La questione idrica, per cominciare: la siccità uccide i nostri territori. Ci sono aziende nel catanese che hanno avuto un calo del 30, 40% della produzione di arance lo scorso anno. Le strutture ricettive a causa della siccità hanno avuto cancellazioni e defezioni turistiche. Interi centri abitati, Messina compresa, subiscono un razionamento dell’acqua. Si calcola che occorrerebbero 5, 7 miliardi di euro per efficientare la rete idrica siciliana. E poi c’è l’altra faccia della medaglia della siccità: non piove per mesi e quando piove crollano le strade, da qui la necessità di investire nella mitigazione del rischio idrogeologico. Ancora, la rete ferroviaria è ingestibile: si parla tanto dell’alta velocità mentre qui non funzionano i normali treni. E le autostrade? Il CAS, che è l’ente regionale che ha in capo la cura e la manutenzione delle autostrade siciliane, in un consiglio comunale aperto ha affermato che necessitiamo di 3 miliardi e 200 milioni di euro per sistemare viadotti, ammodernare e mettere in sicurezza gallerie, sistemare il manto stradale, soldi che non ci sono. Importante sarebbe potenziare gli aeroporti, le interconnessioni tra porto, aeroporto e asse viario che attualmente sono inesistenti. Tutti questi soldi messi insieme arrivano alla cifra che si spenderà per il Ponte. La differenza abissale è che al contrario del Ponte, tutte queste opere avrebbero un impatto reale e immediato sulla qualità della vita delle persone. Chi abita a Palermo o nelle zone montane, nelle zone interne, non ha bisogno del Ponte: ha bisogno di acqua, che le strade interne siano messe a posto e illuminate, che siano potenziati i presidi ospedalieri, i sistemi di sicurezza. Ma anche per le aziende il problema non è fare arrivare le merci nel mondo, ma fare arrivare le merci dal luogo di raccolta che magari sono interne o montane, alle zone di produzione, che si trovano molto stesso nella fascia costiera.
Quali sono i prossimi appuntamenti?
I prossimi appuntamenti sono in Europa.
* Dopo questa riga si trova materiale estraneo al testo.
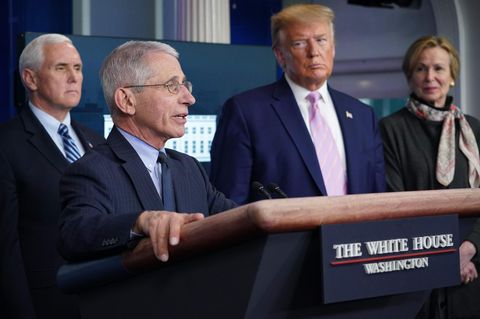 Donald Trump Mike Pence Anthony Fauci Deborah Birx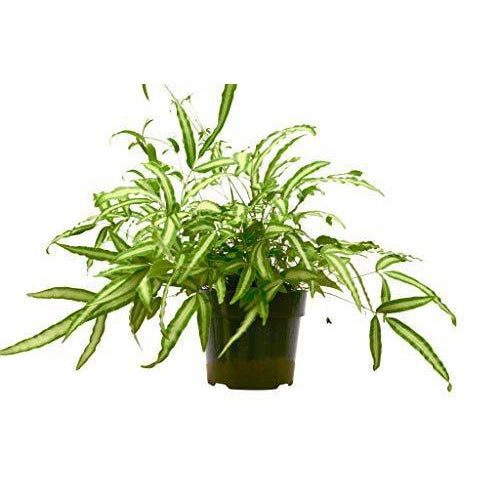 Silver Ribbon Fern (Pteris cretica var. albolineata)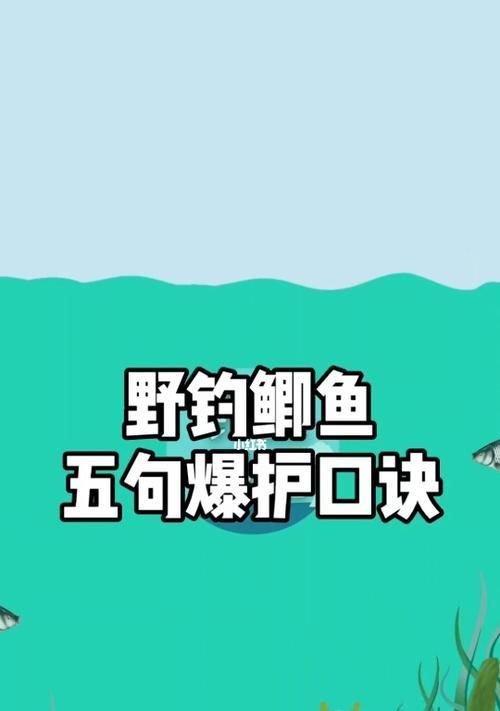 南方钓鱼的方法与技巧（掌握南方钓鱼口诀，技法更上一层楼）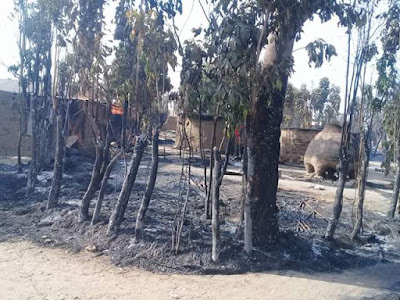 Photos: Scores killed, homes razed by suspected Fulani herdsmen in Numan, Adamawa State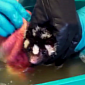 Watch: Tiny Skunk Takes a Bath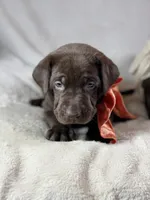 Spud - Mastador, a male English Mastiff and Mastador for sale in Hinckley, MN – 5 of 9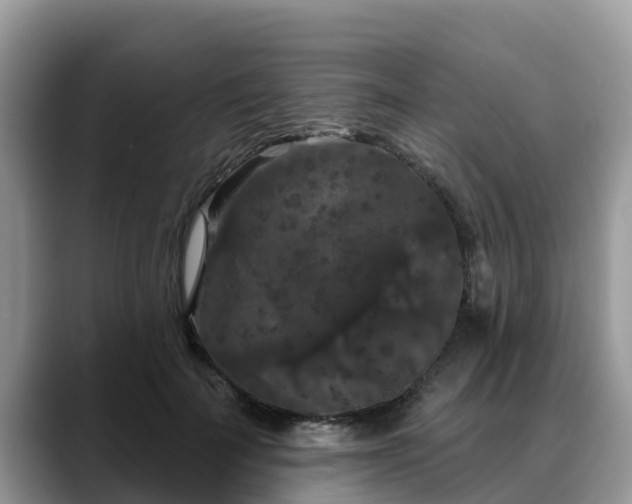 X0000088690699200706071520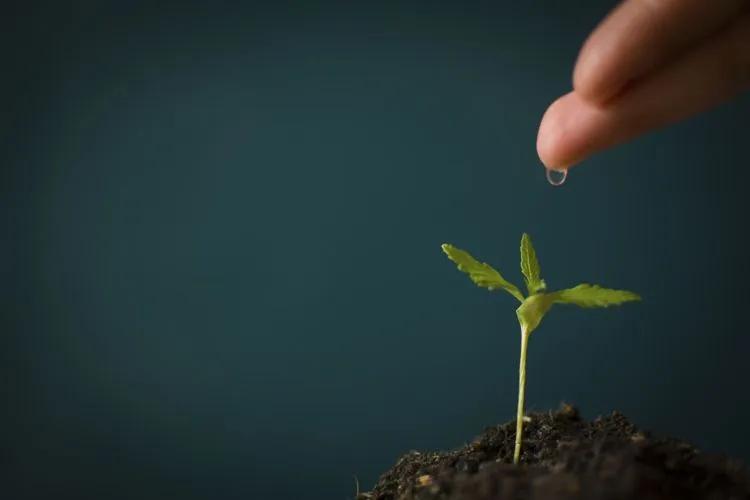 Tips For Watering Cannabis Plants Stages, Best Time & Other Guides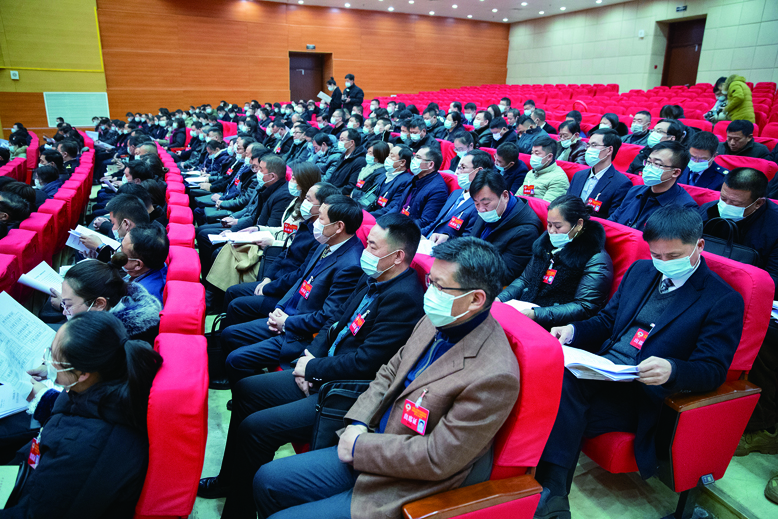 出席政協(xié)濱海縣十三屆五次會議的委員們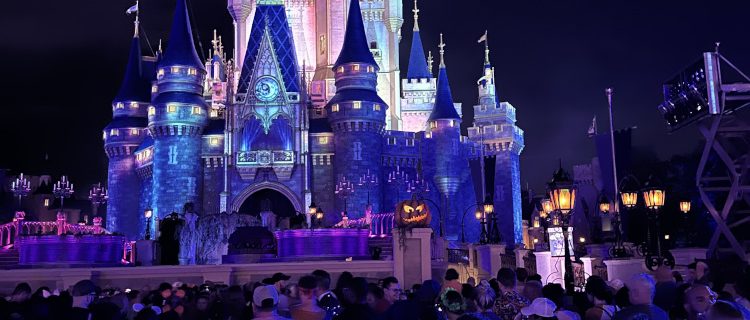 Walt Disney World - Cinderella Castle at Night
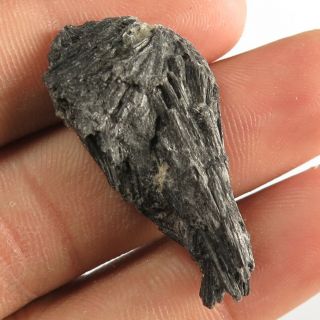 30.  10 Cts 100 Natural Black Kyanite Gemstone Fancy Rough Mineral 36x17 Mm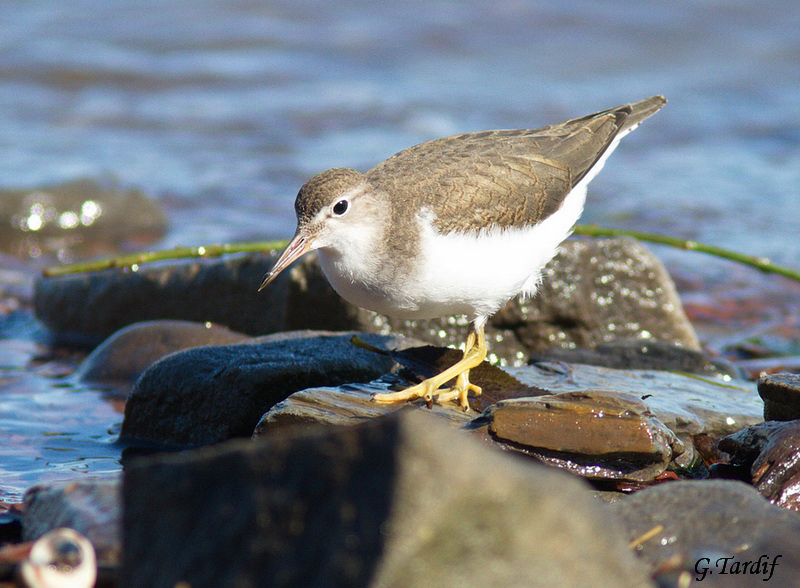 Chevalier grivel(imm) / Spotted Sandpiper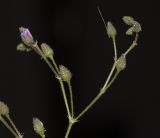 Spergularia fimbriata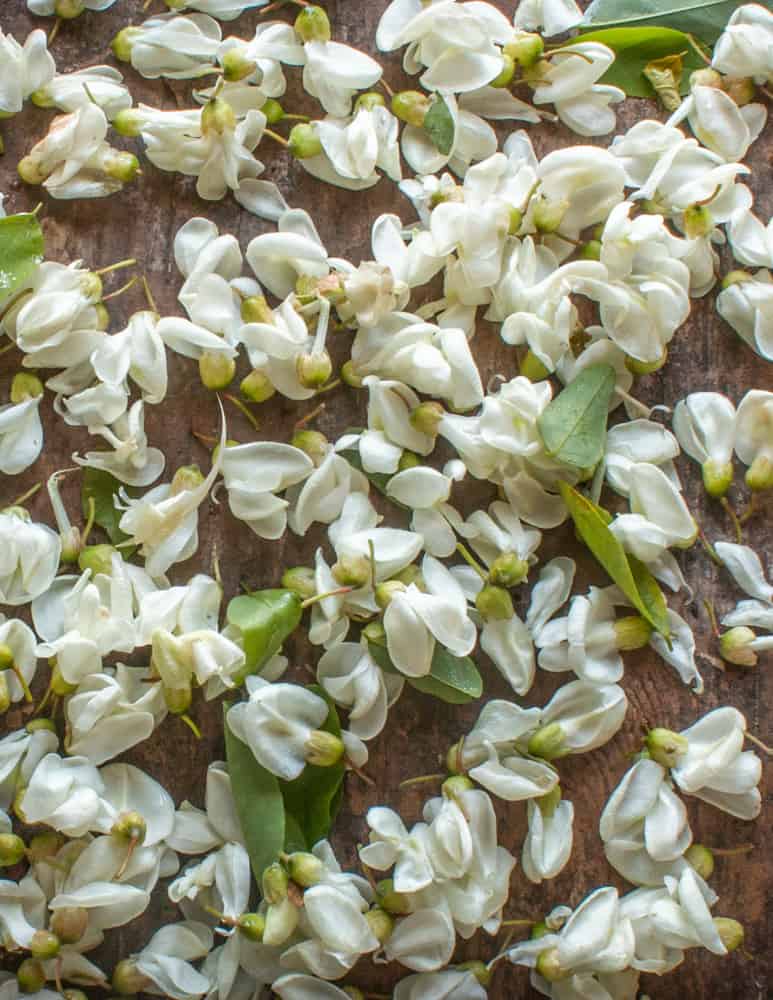 Black locust flowers with leaves 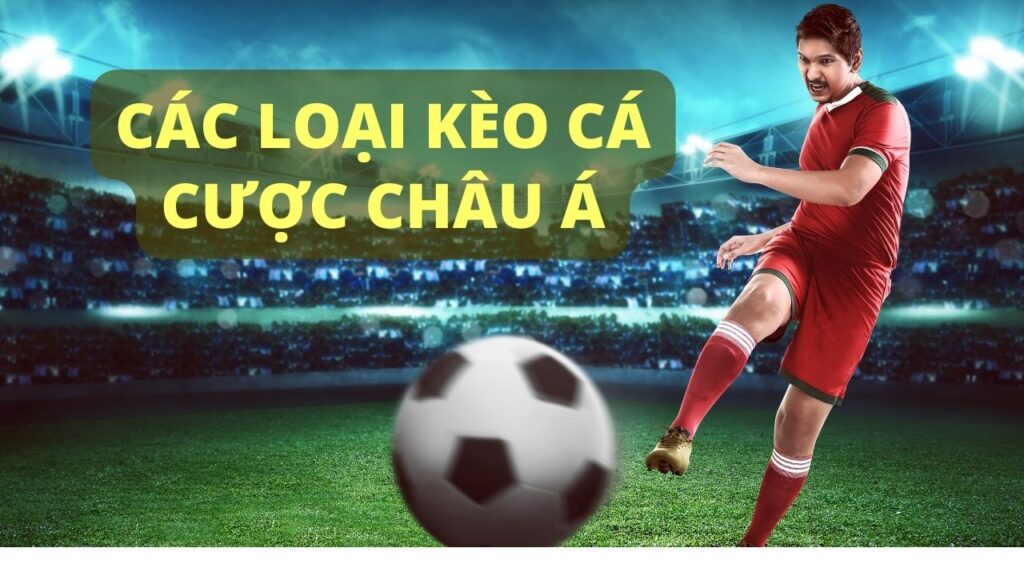 Các thể loại kèo cá cược châu Á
Recentemente abbiamo avuto un incontro con gli europarlamentari e ci sarà una conferenza stampa a Bruxelles per portare all’attenzione della Commissione Europea il tema. A novembre c’è stata una grande conferenza stampa a Roma[3] in cui insieme alla CGIL Nazionale, a Greenpeace, Legambiente, WWF, partiti e associazioni vicini alla causa, abbiamo presentato alla stampa un documento e reso note le tappe di una mobilitazione già iniziata. Ovviamente continuiamo a portare le nostre rivendicazioni nei territori con incontri, manifestazioni, sit-in con l’obiettivo di una grande manifestazione nazionale.
[1] Rimandiamo per approfondimenti alla relazione dell’ingegnere Antonino Risitano intervenuto all’incontro del 20 Giugno 2024 organizzato da Legambiente presso il Salone degli Specchi di Messina https://www.youtube.com/watch?v=ASArLNrjyUc
[2] Organizzazione sindacale degli inquilini privati e degli assegnatari di edilizia pubblica.